Recently, astronomers at Caltech conducted the difficult work of weighing a small, dimly lit galaxy drifting along the outskirts of the Milky Way. Their numbers suggest the dwarf galaxy, dubbed Triangulum II, is chock full of dark stuff.
"The galaxy is challenging to look at," lead researcher Evan Kirby, an assistant profess of astronomy at Caltech, said in a news release. "Only six of its stars were luminous enough to see with the Keck telescope."
By measuring the velocity of those six stars, Kirby was able to gauge the gravitational influence of the galaxy's dark matter. The findings were published this week in the Astrophysical Journal.
"The total mass I measured was much, much greater than the mass of the total number of stars -- implying that there's a ton of densely packed dark matter contributing to the total mass," Kirby explained. "The ratio of dark matter to luminous matter is the highest of any galaxy we know. After I had made my measurements, I was just thinking -- wow."

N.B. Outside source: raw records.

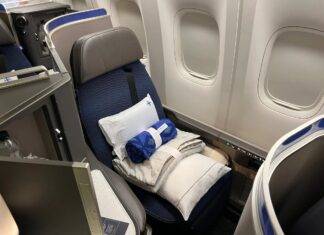 United kembali mendiskon miles. Anda mungkin sebaiknya tidak membelinya.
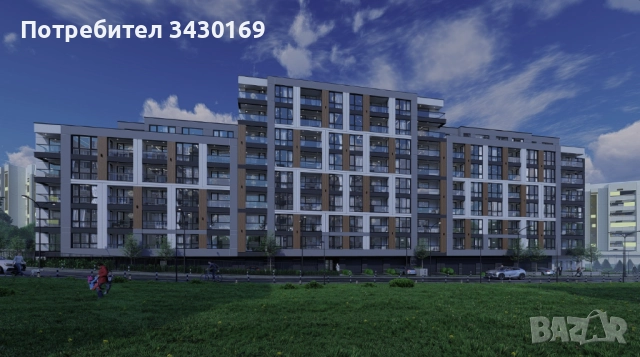 Продава 3-СТАЕН, гр. София, ж.к. Люлин 5, акт 14, снимка 3 - Апартаменти - 52025166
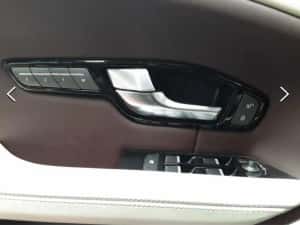 Range Rover Evoque Autobiography 2.0D 180 CP 4x4 Automat | Masaj | Piele bicolor | 2018 — miniatura 8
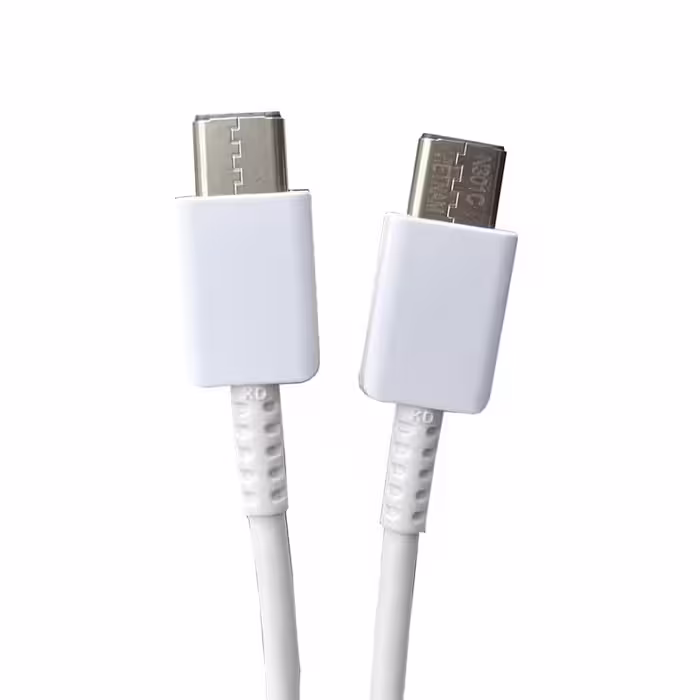 کابل USB-C  توربو مدل Galaxy - A24  طول 1 متر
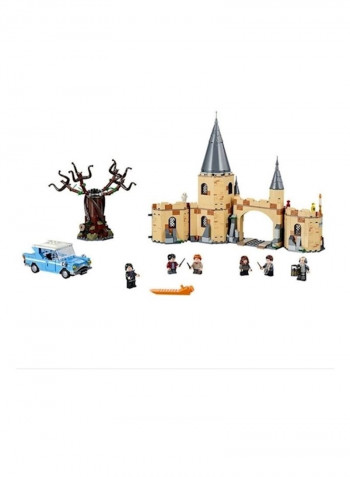 843-Piece Harry Potter Series Building Blocks Toys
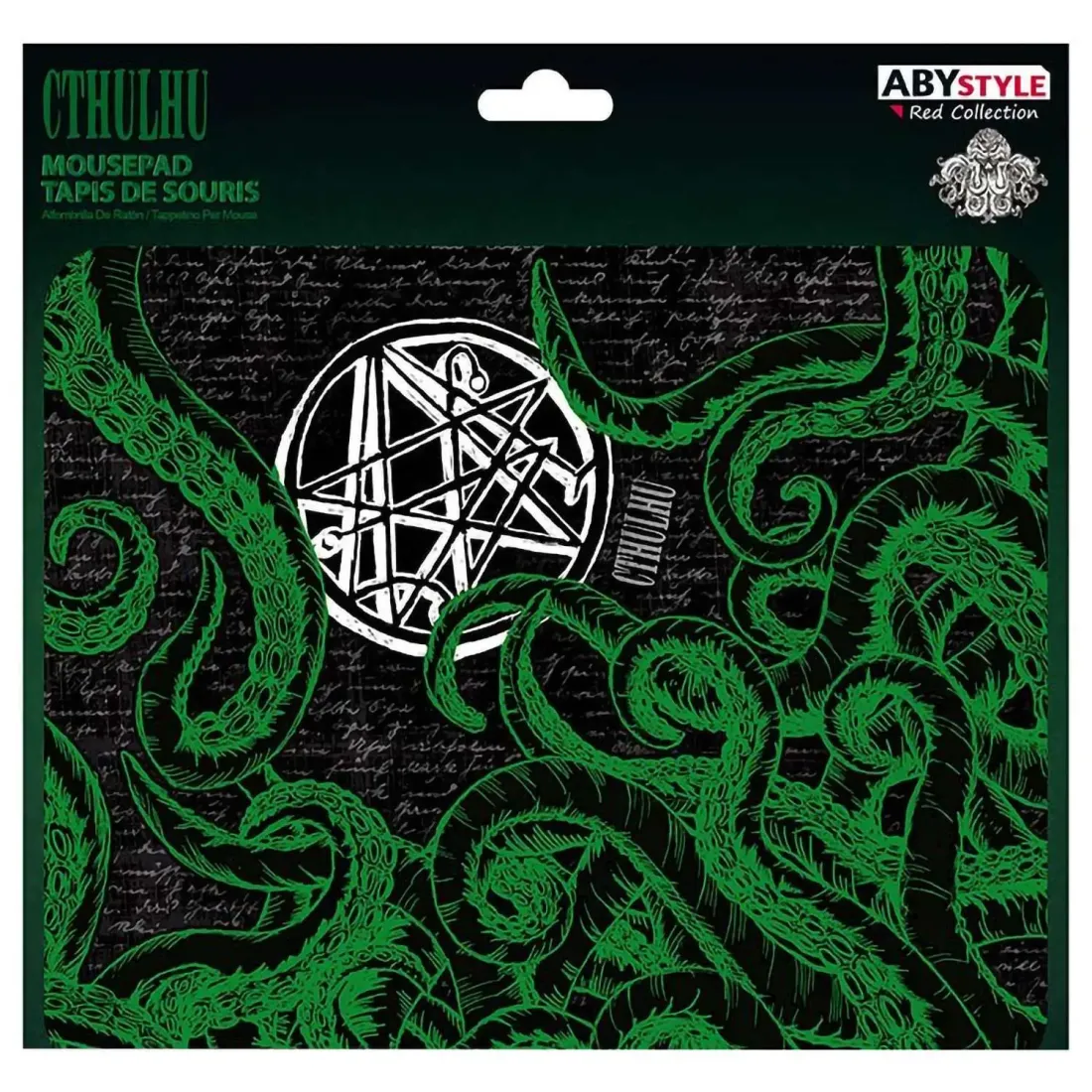 Коврик для мышки Cthulhu Necronomicon ABYACC461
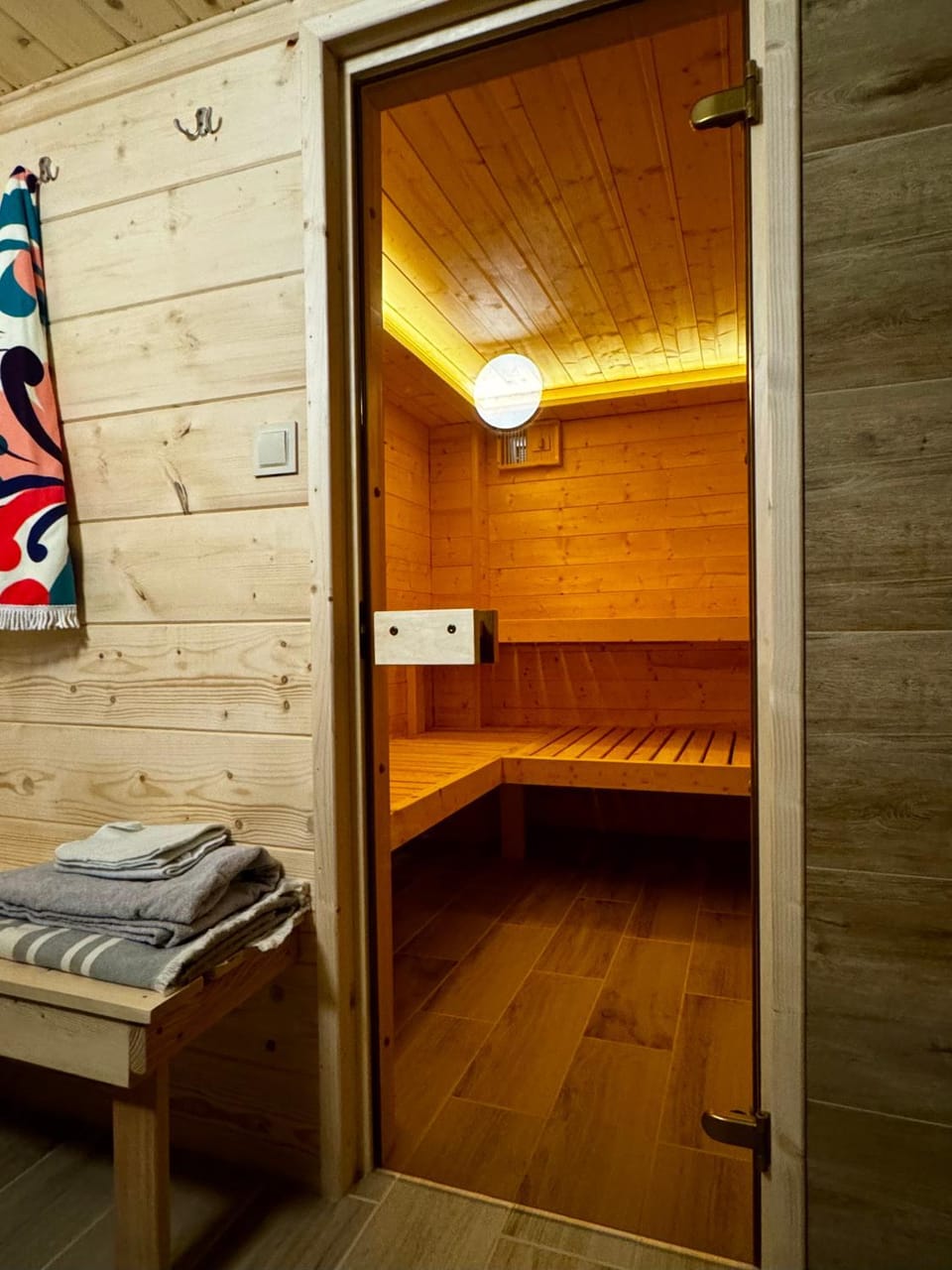 Sauna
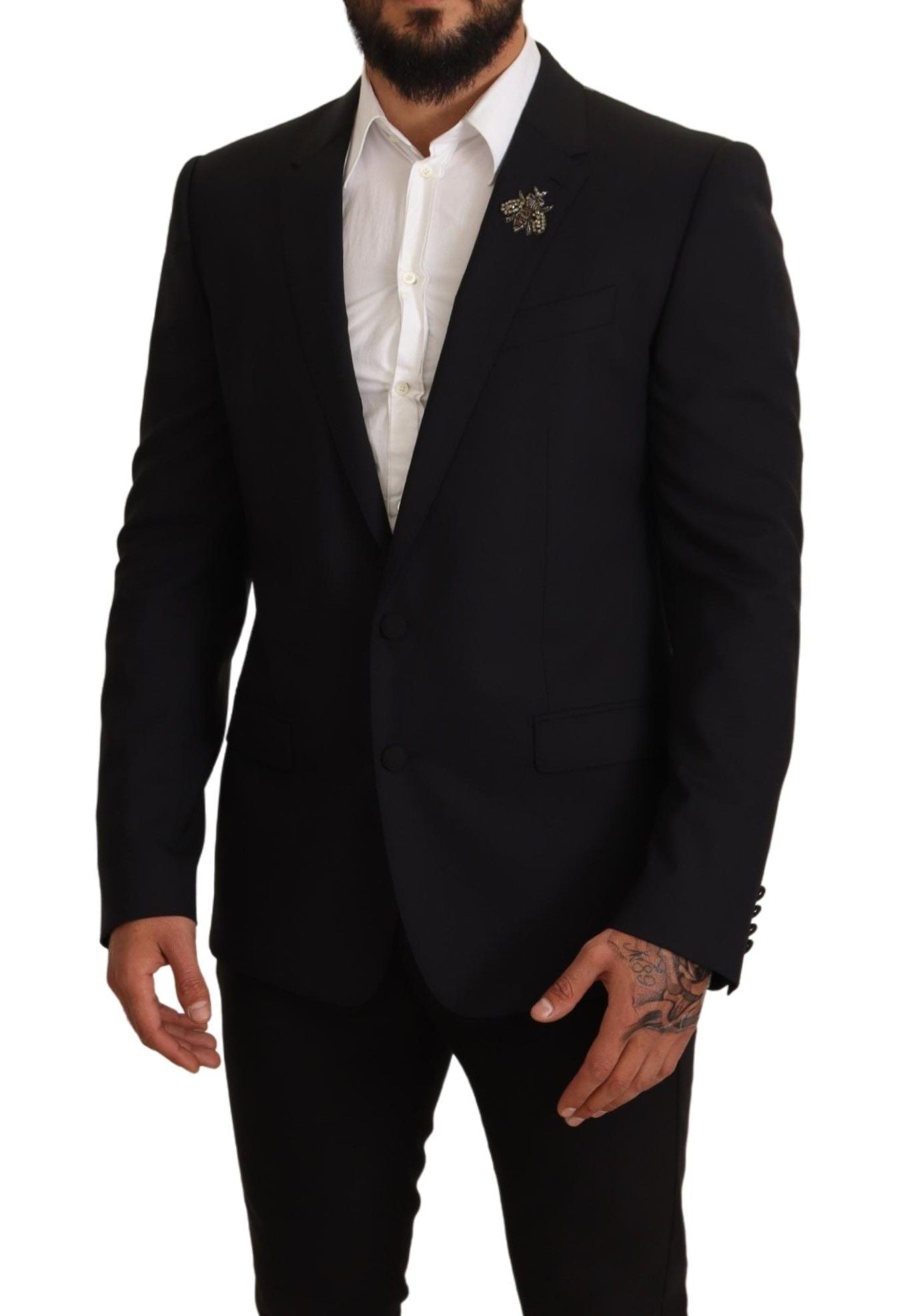 Blue Bee Slim Fit Jacket MARTINI Blazer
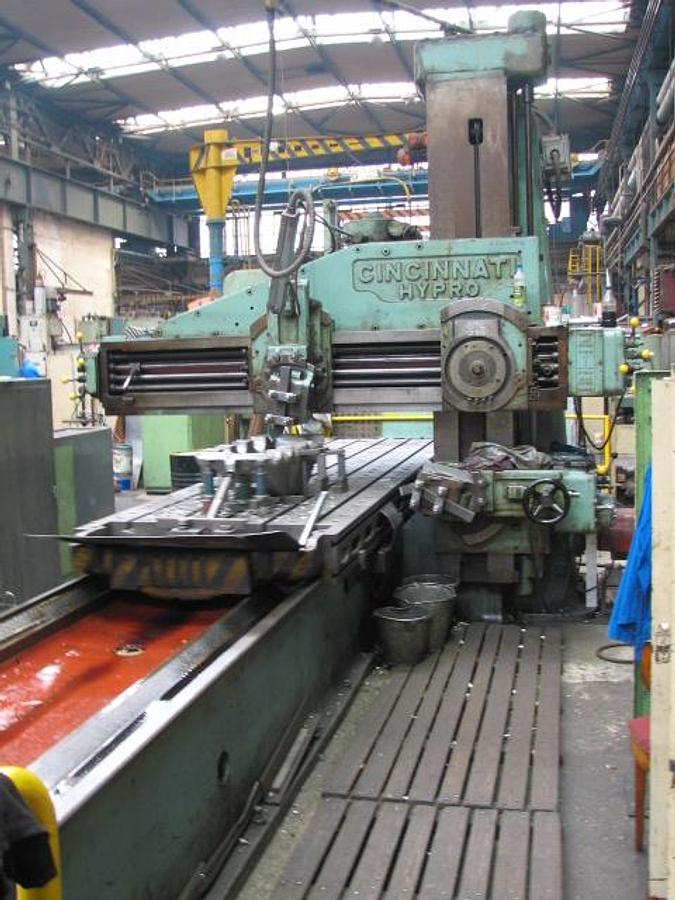 Gebraucht Cincinnati HYPRO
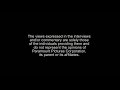 The Views Expressed Paramount DVD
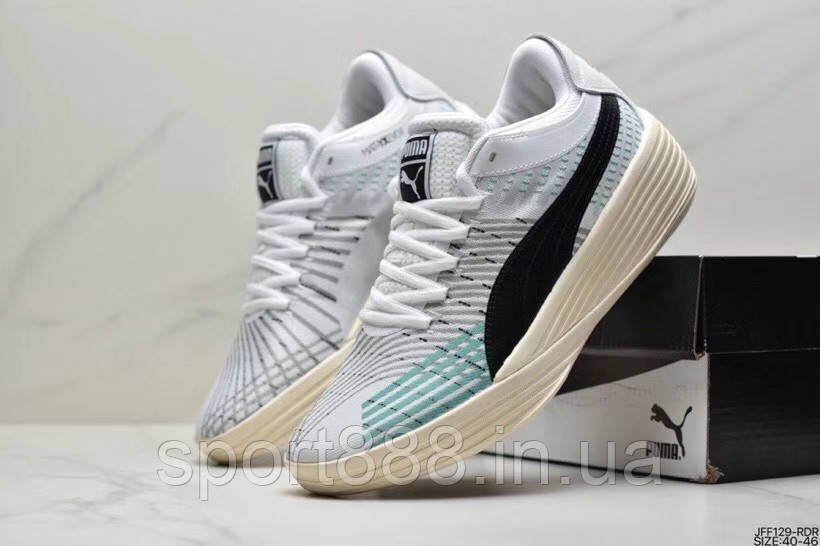 КРОСИВКИ Пума Puma CLYDE ALL-PRO COAST 2 COAST баскетбольні кросівки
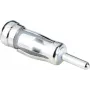 Hama 00185818 Antennenzubehör Antennenadapter Silber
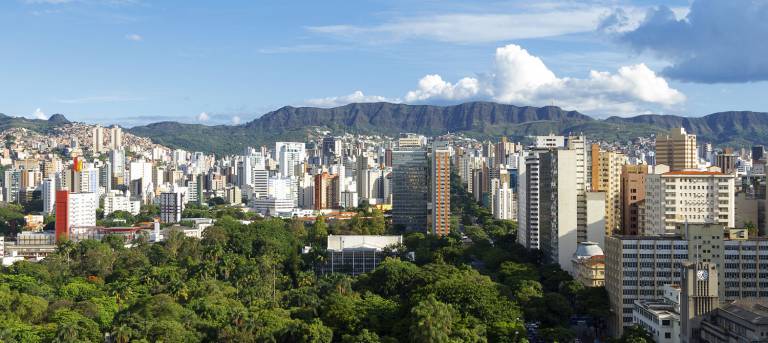 Lugar Belo Horizonte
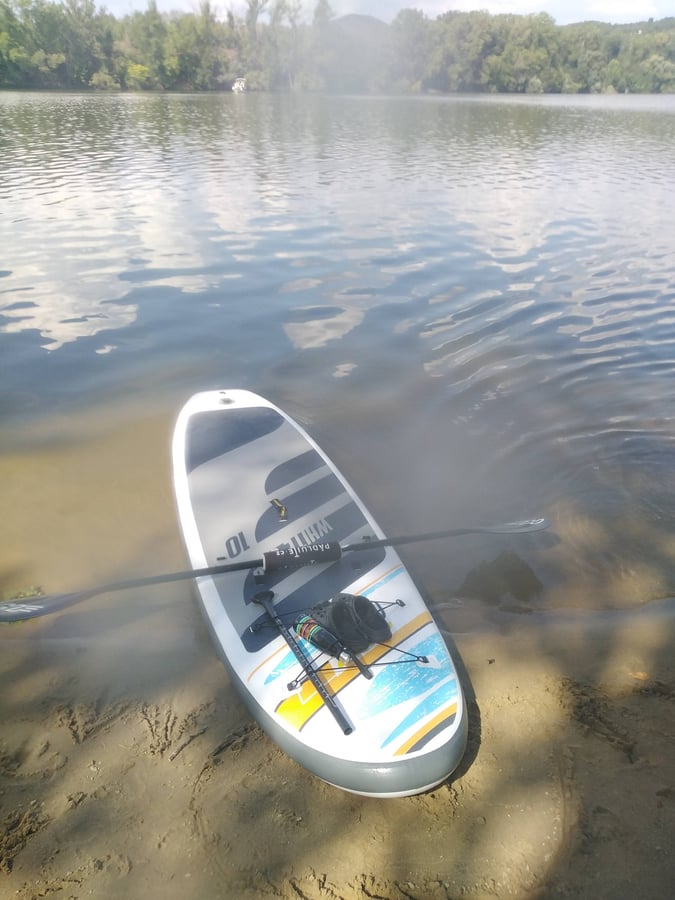Žernosecké jezero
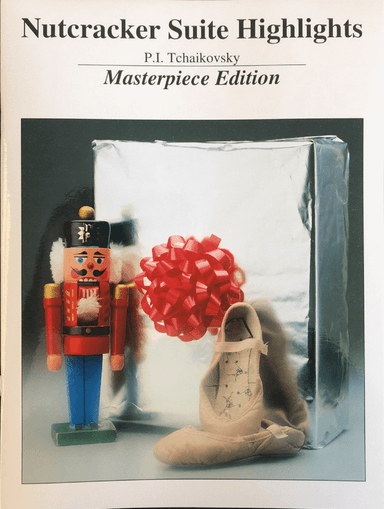 Nutcracker Suite Highlights Masterpiece Edition for Piano Solo (arr. Alexander Cole)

One of the chief aims of astrophysicists is to measure dark matter -- directly. Researchers have found all sorts of ways to indirectly prove and measure the existence of dark matter. Many headlines announcing such findings falsely claim "direct evidence of dark matter" and "dark matter measured directly."
Dark matter experts believe direct measurement is possible, however, and Kirby thinks Triangulum II may be an ideal place to try.
Dark matter theorists hypothesize dark matter particles called supersymmetric WIMPs (weakly interacting massive particles) are colliding all over the universe. When they do, they produce gamma rays. So far, these gamma rays have been extremely hard to find.
But in addition to being full of dark matter, Triangulum II also hosts very little of the type of stellar activity that makes seeing gamma rays so hard -- stars being born, gas and dust swirling around, supernovas exploding.
Before astronomers can go looking for dark matter-propelled gamma rays, Kirby needs to confirm the accuracy of his most recent measurements. A group of scientists in France found the galaxy's outer stars to be moving faster than those in the center. Such an anomaly would suggest the galaxy is in the process of being ripped apart by the Milky Way.
"My next steps are to make measurements to confirm that other group's findings," Kirby said. "If it turns out that those outer stars aren't actually moving faster than the inner ones, then the galaxy could be in what's called dynamic equilibrium. That would make it the most excellent candidate for detecting dark matter with gamma rays."